Insurance Providers in the EV Market
1. Assessing Risk and Rates: Insurers face the challenge of accurately assessing the risk associated with insuring electric vehicles. Determining premiums and rates might differ from traditional vehicles due to different repair costs and technology considerations. Roadside assistance providers and insurers must ensure their staff and network of service centers are trained and equipped to handle EV repairs promptly and effectively. Mechanical breakdown protection, or extended warranties, require tailored coverage for EV components. Insurers and providers must assess the unique risks associated with EVs to offer comprehensive coverage.
2. Specialized Coverage: With the growing demand for electric vehicles, insurance providers are developing specialized coverage options to address the unique needs of EV owners, including coverage for battery-related issues, and charging equipment.
3. Climbing Total Losses: EVs tend to have higher repair costs, primarily due to their sophisticated technology and specialized parts. In the event of accidents or damages, the cost of repairing an EV can be considerably higher than that of a conventional vehicle. As a result, there is a higher probability of an EV being declared a total loss by the insurance company. This can be a concern for the insurance company, as it may lead to increased payout amounts.
As electric vehicles (EVs) continue to gain popularity and become more prevalent on the roads, it is inevitable that claims frequency for accidents and damages involving these vehicles will also increase.
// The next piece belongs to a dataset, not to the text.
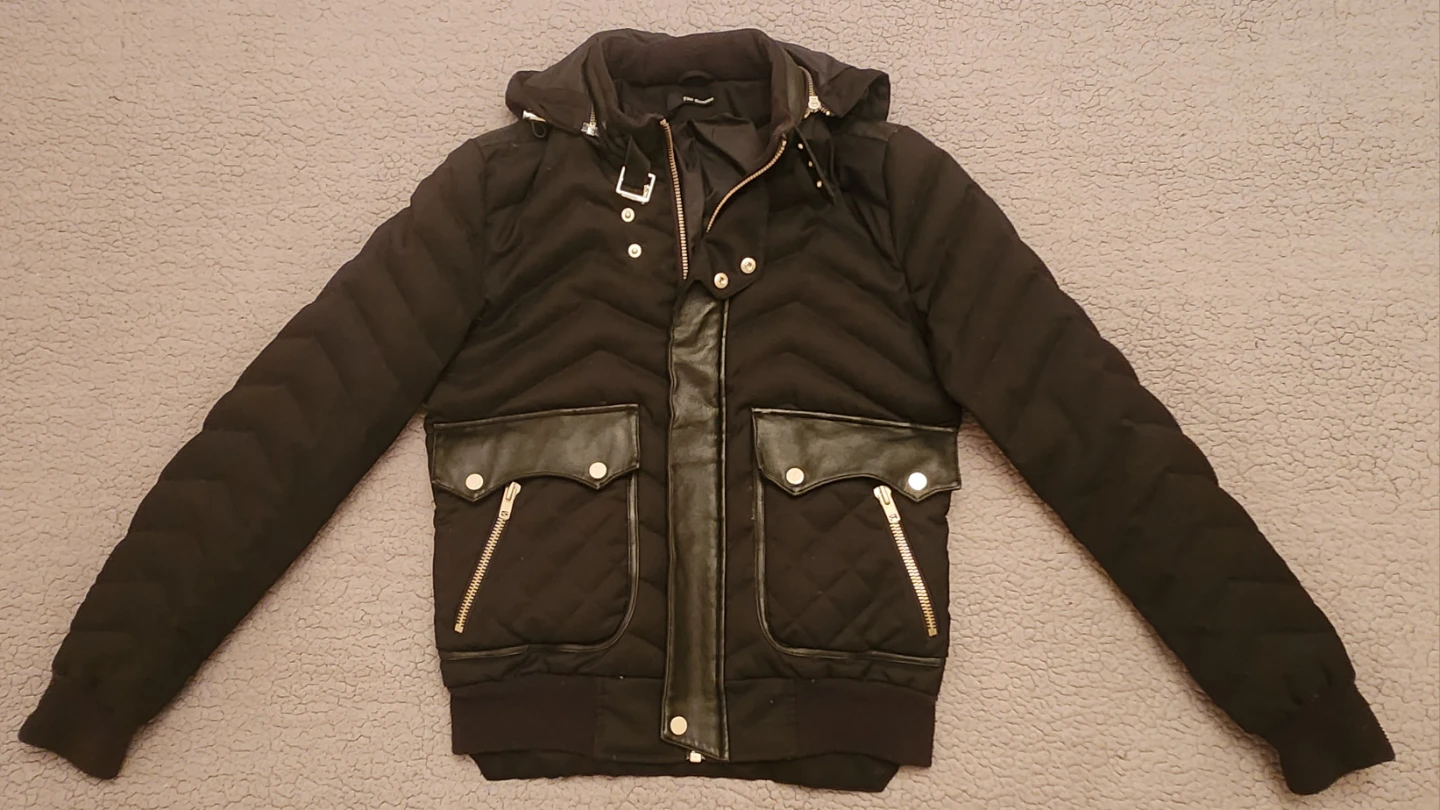 THE KOOPLES Black Quilted Puffer Jacket with Hood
The high-tech and complex nature of EV components can contribute to more severe claims, resulting in higher repair costs. This potential impact on insurers' financials and claim settlement processes necessitates a proactive approach.
To adapt to the changing landscape and address these challenges, stakeholders in the automotive market, including borrowers, lenders, and insurance providers, must be open to embracing the rise of EVs. One efficient solution to navigate this evolving market is to seek out a comprehensive outsourced program with insurance tracking for collateral damage claims. By doing so, stakeholders can streamline their processes and be better equipped to handle the growing demands and complexities associated with EVs. This inclusive approach will empower all parties involved to move forward with confidence, efficiency, and inclusivity in the automotive industry.